Economic jargon, empty promises

The promises made by the architects of these policies in the 1980s and 90s, that they would lead to a promised land of prosperity, were accompanied by economic jargon that has entered the lexicon.

Australia manufacturing for itself was inefficient, they said, we should stick to our “comparative advantage”, namely mining and grazing. This idea saw Australia plunge down the Harvard Atlas of Economic Complexity index from 56th in the world in the 1990s to 93rd today, behind Uganda and Senegal.

The government shouldn’t be “picking winners”, they said, even as their policies deliberately picked banks and financial speculators to be the winners, and productive independent factories and farms the losers in the new economy.

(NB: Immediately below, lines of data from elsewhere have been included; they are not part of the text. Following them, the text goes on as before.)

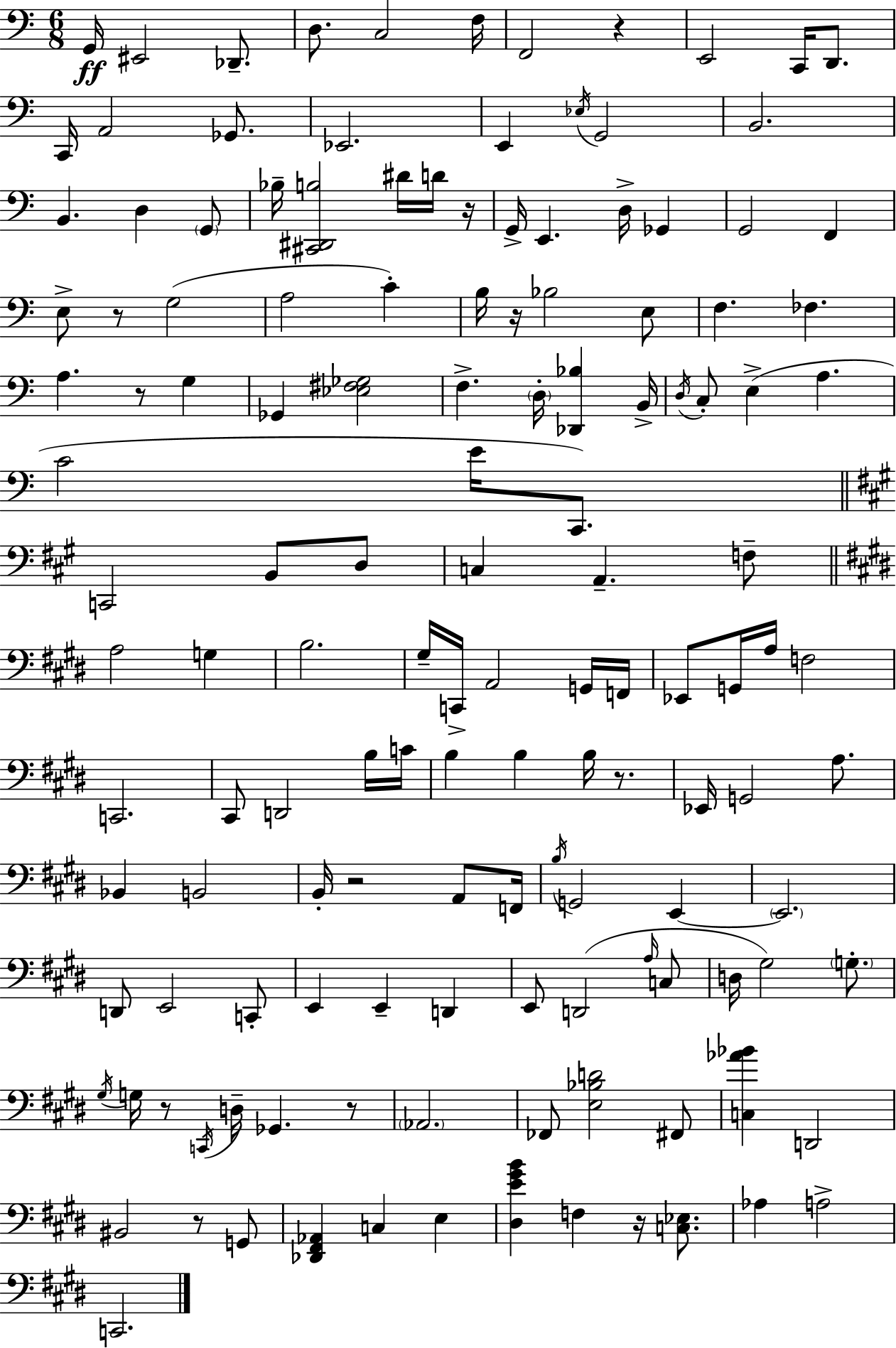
X:1
T:Untitled
M:6/8
L:1/4
K:C
G,,/4 ^E,,2 _D,,/2 D,/2 C,2 F,/4 F,,2 z E,,2 C,,/4 D,,/2 C,,/4 A,,2 _G,,/2 _E,,2 E,, _E,/4 G,,2 B,,2 B,, D, G,,/2 _B,/4 [^C,,^D,,B,]2 ^D/4 D/4 z/4 G,,/4 E,, D,/4 _G,, G,,2 F,, E,/2 z/2 G,2 A,2 C B,/4 z/4 _B,2 E,/2 F, _F, A, z/2 G, _G,, [_E,^F,_G,]2 F, D,/4 [_D,,_B,] B,,/4 D,/4 C,/2 E, A, C2 E/4 C,,/2 C,,2 B,,/2 D,/2 C, A,, F,/2 A,2 G, B,2 ^G,/4 C,,/4 A,,2 G,,/4 F,,/4 _E,,/2 G,,/4 A,/4 F,2 C,,2 ^C,,/2 D,,2 B,/4 C/4 B, B, B,/4 z/2 _E,,/4 G,,2 A,/2 _B,, B,,2 B,,/4 z2 A,,/2 F,,/4 B,/4 G,,2 E,, E,,2 D,,/2 E,,2 C,,/2 E,, E,, D,, E,,/2 D,,2 A,/4 C,/2 D,/4 ^G,2 G,/2 ^G,/4 G,/4 z/2 C,,/4 D,/4 _G,, z/2 _A,,2 _F,,/2 [E,_B,D]2 ^F,,/2 [C,_A_B] D,,2 ^B,,2 z/2 G,,/2 [_D,,^F,,_A,,] C, E, [^D,E^GB] F, z/4 [C,_E,]/2 _A, A,2 C,,2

After more than three decades of these economic reforms, the promises had proven empty even before the current pandemic and economic crisis. Behind the mantra claiming the reforms had produced “28 years of uninterrupted economic growth” was the reality of falling living standards, rising living costs, and record foreign and household debt from an economy no longer able to pay its own way.

On top of that, the coronavirus pandemic exposed Australia’s acute vulnerability in a crisis due to our dependence on foreign imports, even for crucial medical supplies. This reality would have been similarly exposed by any number of other possible real-world events, such as war or global financial crisis.

National survival

The current crisis is forcing a drastic re-think of the policies that led to this vulnerability. According to the 15 April Australian Financial Review: “The federal government will use its formidable powers of procurement to rebuild and consolidate the domestic manufacturing of critical products, especially medical supplies.”

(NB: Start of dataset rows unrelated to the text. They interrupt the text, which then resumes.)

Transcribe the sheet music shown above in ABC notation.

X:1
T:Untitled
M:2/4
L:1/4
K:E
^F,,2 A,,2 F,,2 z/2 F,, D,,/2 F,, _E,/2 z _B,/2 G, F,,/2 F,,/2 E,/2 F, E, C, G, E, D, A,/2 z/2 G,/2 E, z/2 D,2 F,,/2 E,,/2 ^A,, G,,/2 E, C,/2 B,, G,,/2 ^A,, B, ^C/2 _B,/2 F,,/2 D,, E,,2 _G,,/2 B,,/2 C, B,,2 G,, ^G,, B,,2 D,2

Most Australians might find it hard to believe, given the regular campaigns to “buy Australian”, but for decades Australian governments have not bought from Australian businesses if a foreign company supplied it cheaper, under the policy of compulsory competitive tendering.

In a 10 April interview with the Sydney Morning Herald, Industry Minister Karen Andrews acknowledged: “What we’ve learned out of this is that there are some things that we have to be self-sufficient in. So let’s not look to what’s going to give us the cheapest price”.

Even signalling the change, however, Andrews stuck to the discredited economic jargon. “Governments historically don’t like to pick winners”, she told the AFR. “But there are pretty critical industries emerging that we can build on.”

With their hand forced by the reality of the crisis, the government has appointed a national manufacturing taskforce headed by Australian former Dow Chemical Company boss Andrew Liveris, to operate under the National COVID-19 Coordination Commission.

Liveris, who promotes ideas such as a domestic petrochemical industry, coastal shipping and packaged food exports, told the AFR on 9 April that Australia was vulnerable because it “drank the free-trade juice” and decided off-shoring was the way to go. “Well, that era is gone”, pronounced Liveris. We should never have allowed our manufacturing based to be hollowed out, by what is now an “old and broken model” of economic policy, he said. “We’ve got to now realise we’ve got to really look at on-shoring key capabilities.”

This is a no-brainer, yet once again the government is sticking to the discredited jargon, with Treasurer Josh Frydenberg calling for a refocus on Australia’s “comparative advantage”, according to the ABC on 19 April.

As long as the government clings to the jargon of the discredited theories that dismantled our economy, it will be a brake on our economic recovery. For our national survival, Australians must demand a full transformation of our economy centred on an industrial revival.

The Citizens Party joins with Bob Katter in calling for the government to turbo-charge this transformation by repurposing the Clean Energy Finance Corporation as a national investment bank to immediately invest in new industries and overdue nation-building infrastructure.